▶ **WHAT YOU ARE ASKED TO DO**:
In the listing below, locate the line with "我问deepseek：到底是哪个大明星在澳门赌博输了10亿？回答很意外" and the line with "Wabco Air Cartridge", then output both and everything between them exactly, minus any pictures.

(Beginning of SOURCE MATERIAL)

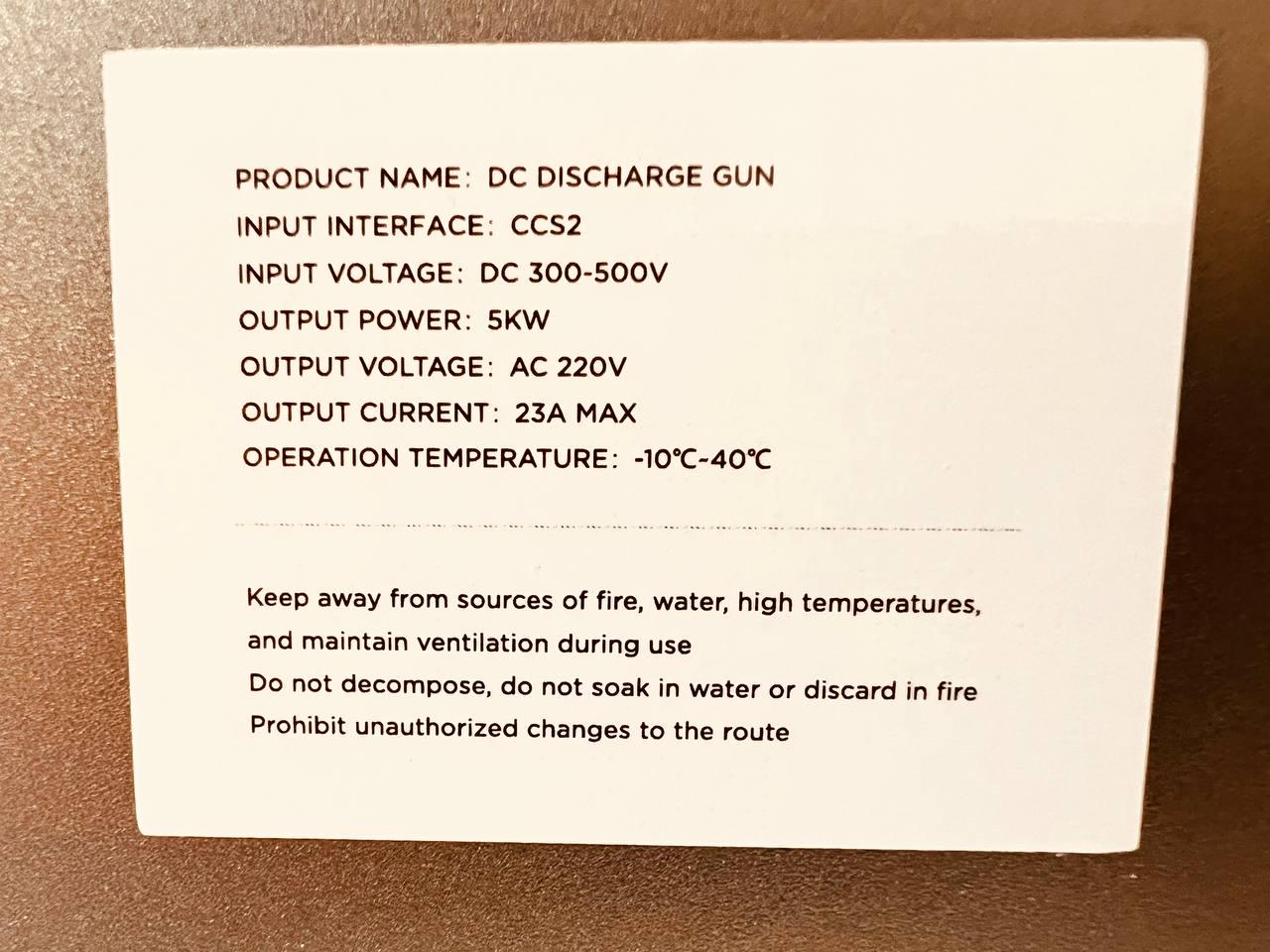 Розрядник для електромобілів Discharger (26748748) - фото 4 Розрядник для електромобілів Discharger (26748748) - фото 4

(End of SOURCE MATERIAL)
(Beginning of SOURCE MATERIAL)

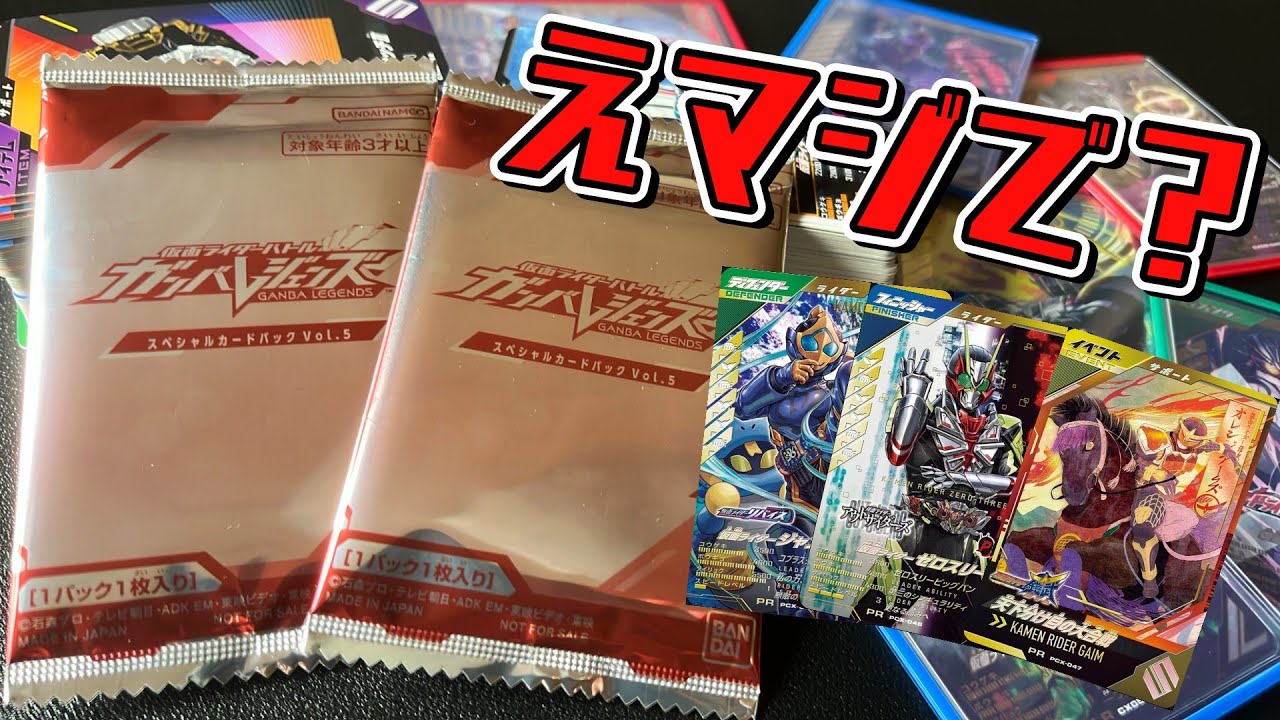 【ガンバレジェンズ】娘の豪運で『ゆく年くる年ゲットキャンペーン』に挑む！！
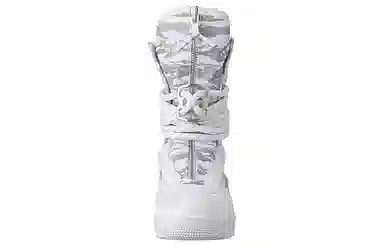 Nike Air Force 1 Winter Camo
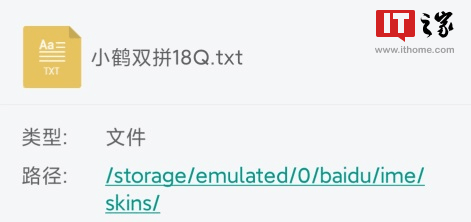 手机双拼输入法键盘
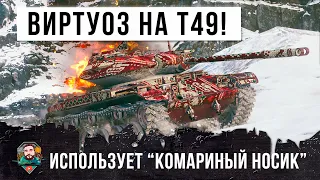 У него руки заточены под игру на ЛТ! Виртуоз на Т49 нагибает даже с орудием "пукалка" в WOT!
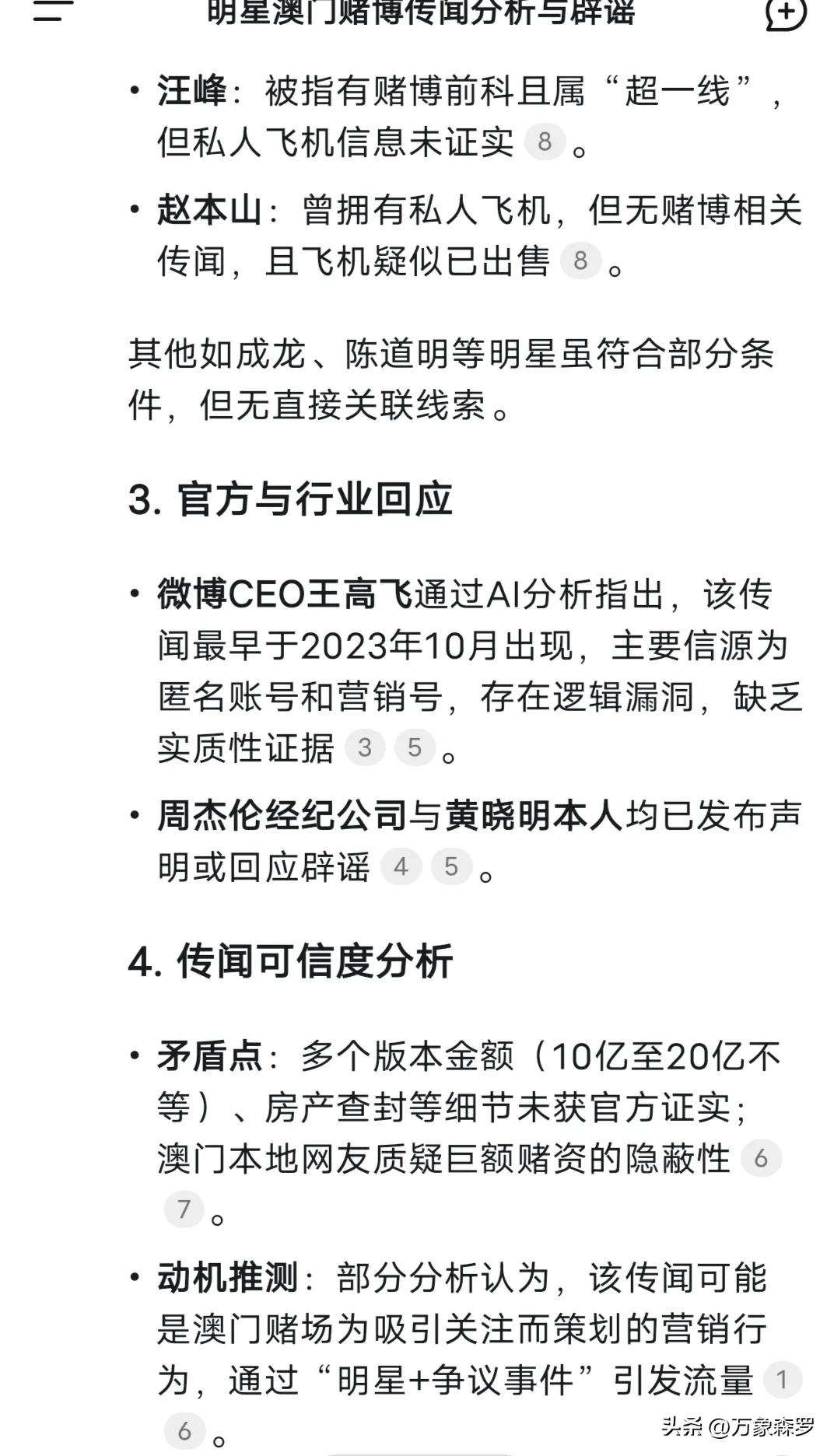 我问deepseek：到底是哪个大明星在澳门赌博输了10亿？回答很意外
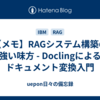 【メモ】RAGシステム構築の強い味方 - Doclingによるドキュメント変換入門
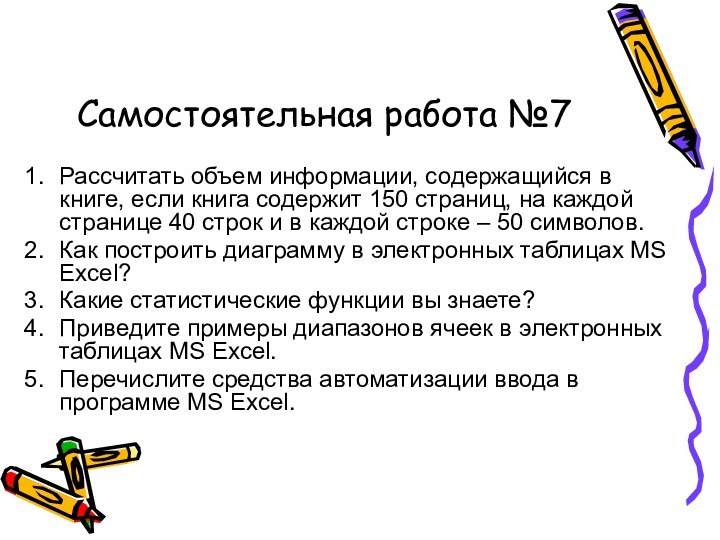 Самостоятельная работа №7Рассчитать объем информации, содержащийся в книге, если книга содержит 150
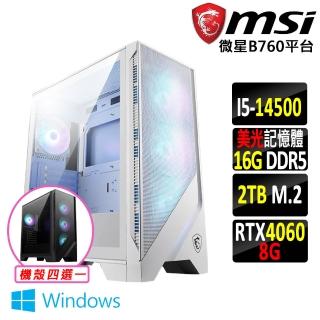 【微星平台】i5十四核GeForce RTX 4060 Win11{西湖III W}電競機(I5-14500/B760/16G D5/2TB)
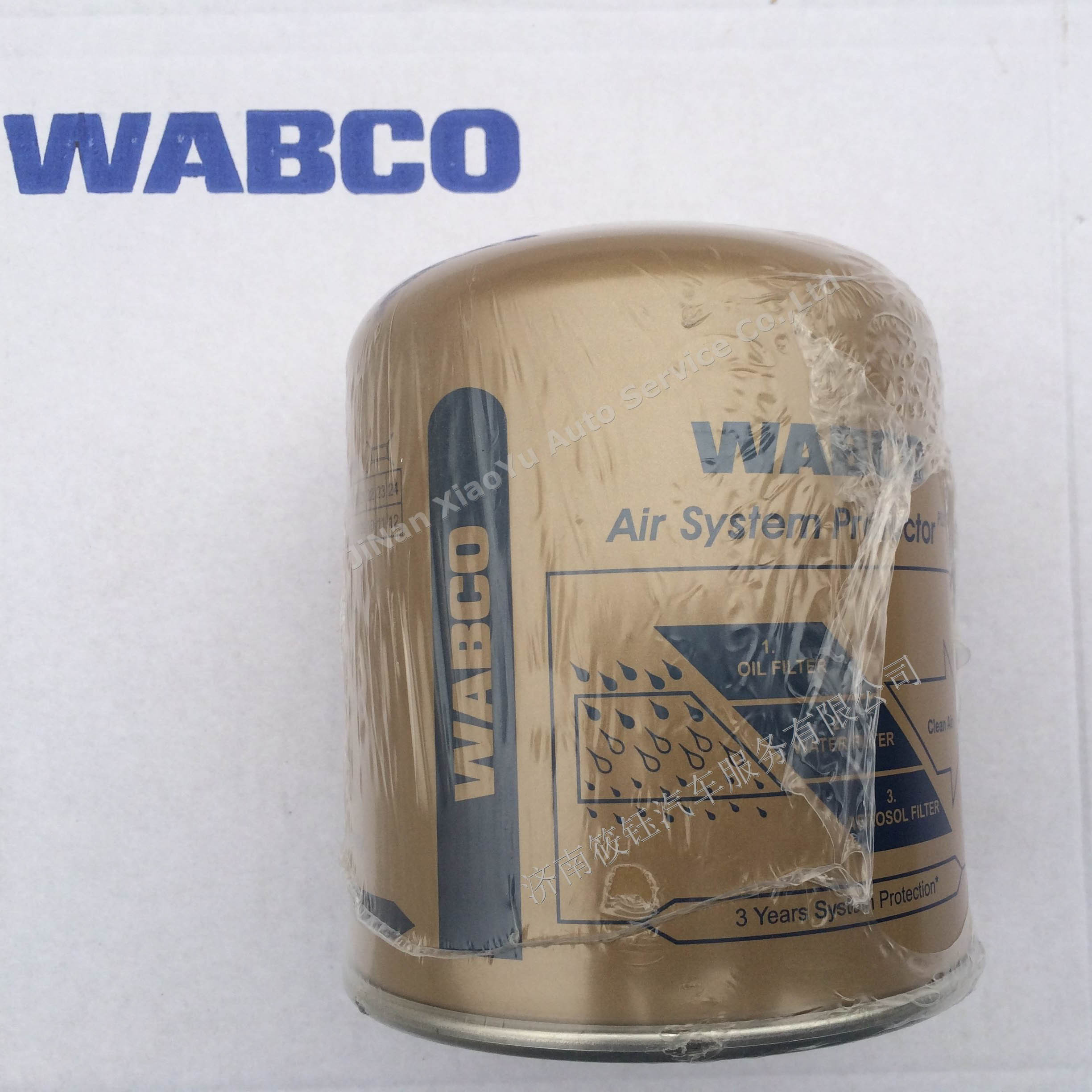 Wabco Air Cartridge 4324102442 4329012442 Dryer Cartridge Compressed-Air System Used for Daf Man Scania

(End of SOURCE MATERIAL)
(Beginning of SOURCE MATERIAL)

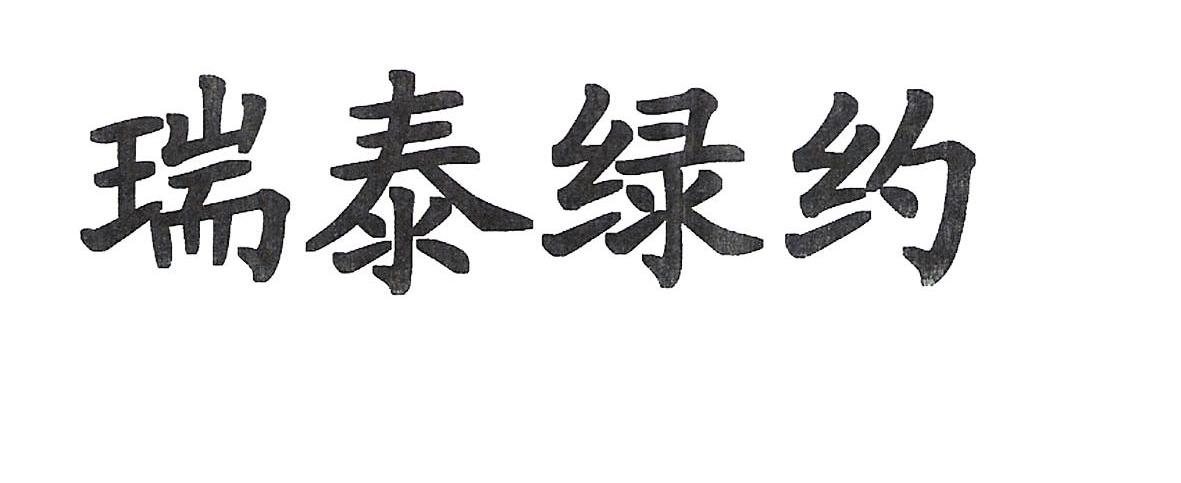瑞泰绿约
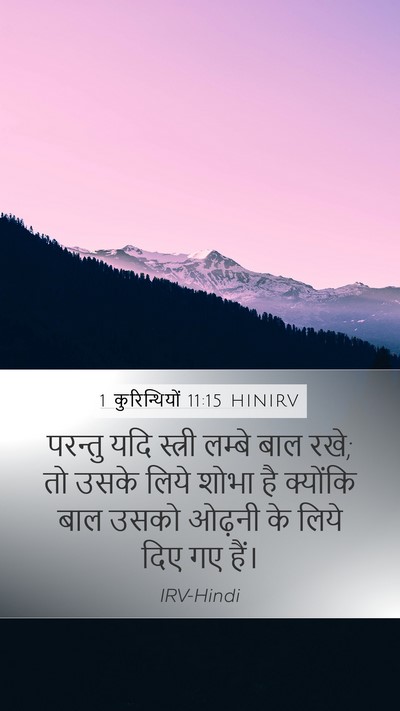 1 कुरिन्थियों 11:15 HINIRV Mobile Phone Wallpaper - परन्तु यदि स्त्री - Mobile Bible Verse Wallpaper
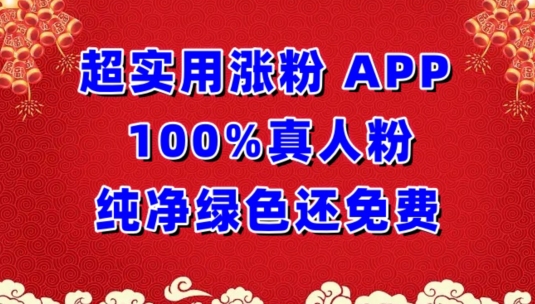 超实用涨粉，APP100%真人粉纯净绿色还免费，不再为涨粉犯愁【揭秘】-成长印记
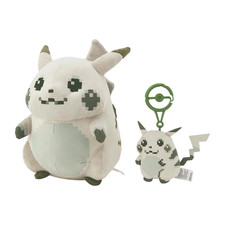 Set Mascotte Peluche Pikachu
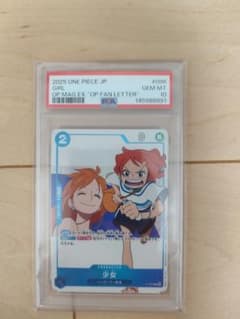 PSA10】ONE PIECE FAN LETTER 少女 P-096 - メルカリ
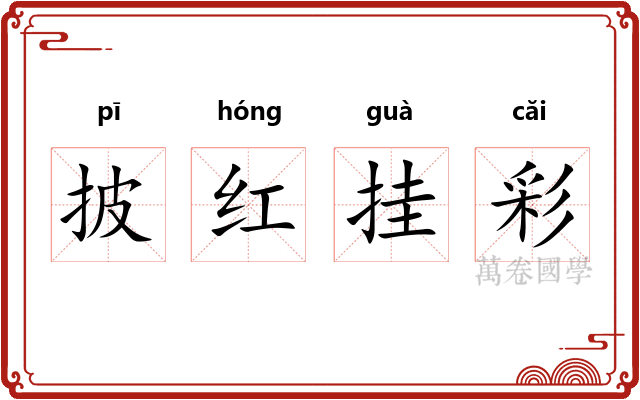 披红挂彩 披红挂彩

(End of SOURCE MATERIAL)

▶ **RESULT OF THE EXERCISE**:
 我问deepseek：到底是哪个大明星在澳门赌博输了10亿？回答很意外
 【メモ】RAGシステム構築の強い味方 - Doclingによるドキュメント変換入門
 Самостоятельная работа №7Рассчитать объем информации, содержащийся в книге, если книга содержит 150
 【微星平台】i5十四核GeForce RTX 4060 Win11{西湖III W}電競機(I5-14500/B760/16G D5/2TB)
 Wabco Air Cartridge 4324102442 4329012442 Dryer Cartridge Compressed-Air System Used for Daf Man Scania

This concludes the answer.